The Maharashtra-based integrated dairy company Prabhat Dairy will use ₹185 crore out of its ₹300 crore public issue to pare down debt. This will reduce interest outgo and improve net profit in 2015-16. The company is also pursuing aggressive plans to expand its retail business over the next three to five years. It has recently started making value-added products such as cheese, shrikhand and paneer. While this will add to revenues, Prabhat will have to shell out more money to advertise and promote its products; margins may be under pressure over the next two to three years. Prabhat being a late entrant into the retail business, fighting competition from other local and large dairy firms may not be easy. Also, higher depreciation on the newly commissioned facility will eat into its profit. The offer’s valuation does not seem to justify the company’s near-term prospects. At the upper end of the pricing band of ₹147, the stock discounts its estimated 2015-16 earnings by over 40 times (on a post-issue basis). Stocks of dairy companies such as Heritage Foods and Umang Dairies trade at a modest 20 times and 12 times their 2015-16 estimated earnings. Investors may be better off avoiding the issue.
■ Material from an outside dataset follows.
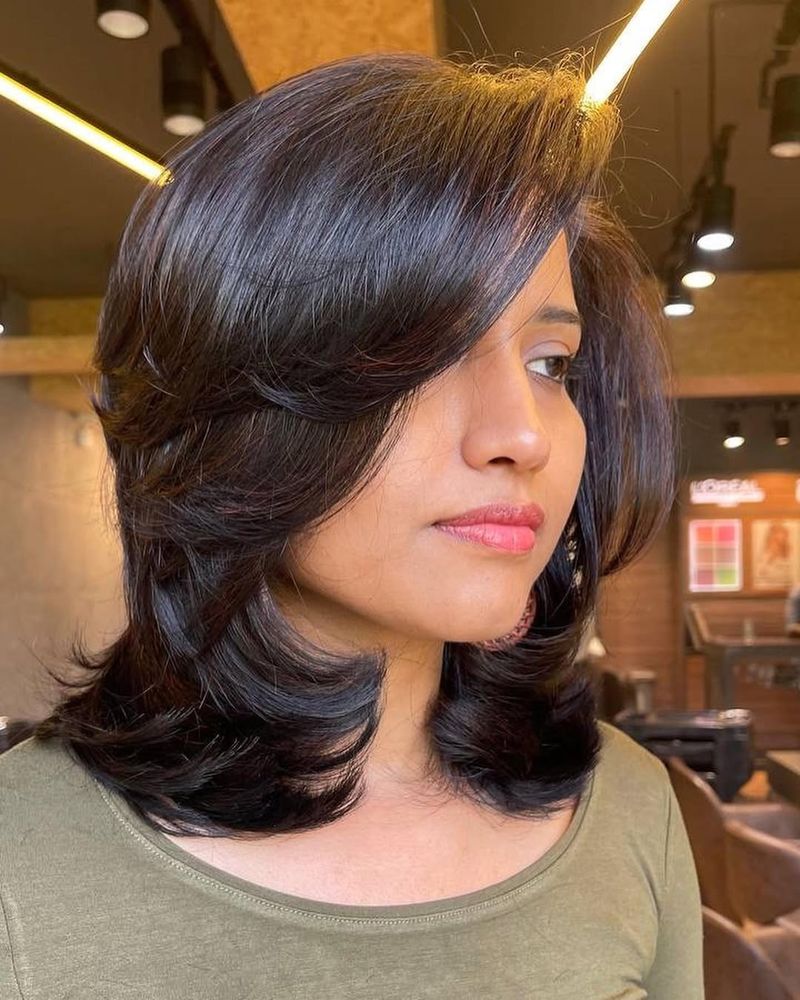 Short Layered Cut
Incorporated in 1998 as a liquid milk marketing company, Prabhat has gradually expanded into value-added products such as ghee, milk powder and sweetened condensed milk. The company has two production facilities in Maharashtra at Shrirampur and Navi Mumbai with a total milk processing capacity of 1.5 million litres and caters to customers in Maharashtra, Gujarat and Madhya Pradesh. Prabhat has both institutional and retail clients.

Under the institutional business, the company sells specialty ingredient products such as sweetened condensed milk and milk powders — full cream, partially skimmed, fully skimmed — to multinational companies such as Mondelez India and Abbott Healthcare. It also does co-manufacturing of dairy whiteners, curd, ghee and yoghurt for companies such as Britannia Industries, Mother Dairy and Heritage Foods. The institutional business accounts for three-fourth of the overall revenue.

Retail reach Prabhat’s retail business includes pasteurised milk sold under the ‘Prabhat’ brand, flavoured milk ‘Flava’, sweetened condensed milk and dairy whitener sold under its ‘Milk Magic’ brand. The company has over 350 distributors through which it supplies its products to over 40,000 retail outlets.

It aims to scale up its retail business from the current 25 per cent of its overall revenues to 50 per cent over the next few years by trebling its retail reach. While this will help the company’s gross margins, it may not translate into higher operating profit margin due to higher promotion and advertising spend.

Also, the scale up in the retail segment may be a gradual one given Prabhat’s relatively late entry into the business and the competition from local brands such as Gowardhan besides dairy majors such as Amul and Mothers Dairy.

New launches Prabhat has recently forayed into other value-added products such as paneer, shrikhand and cheese. The company is in the process of signing up with institutional players for supply of cheese and plans to sell products such as paneer and shrikhand through its retail distribution network. Though this will help the company’s profitability in the long term, revenue flow from these products may happen only in 2016-17 and the scale up may also be gradual.

The company’s current utilisation levels are low at about 55 per cent, which is also eating into its profit, by way of higher fixed costs.

In 2014-15, Prabhat’s operating profit margin slipped by 0.5 percentage points to 10.1 per cent on account of higher employee, promotion and fixed costs. The pace of growth in revenue has also slowed from about 33 per cent levels in 2012-13 and 2013-14 to about 17 per cent in 2014-15.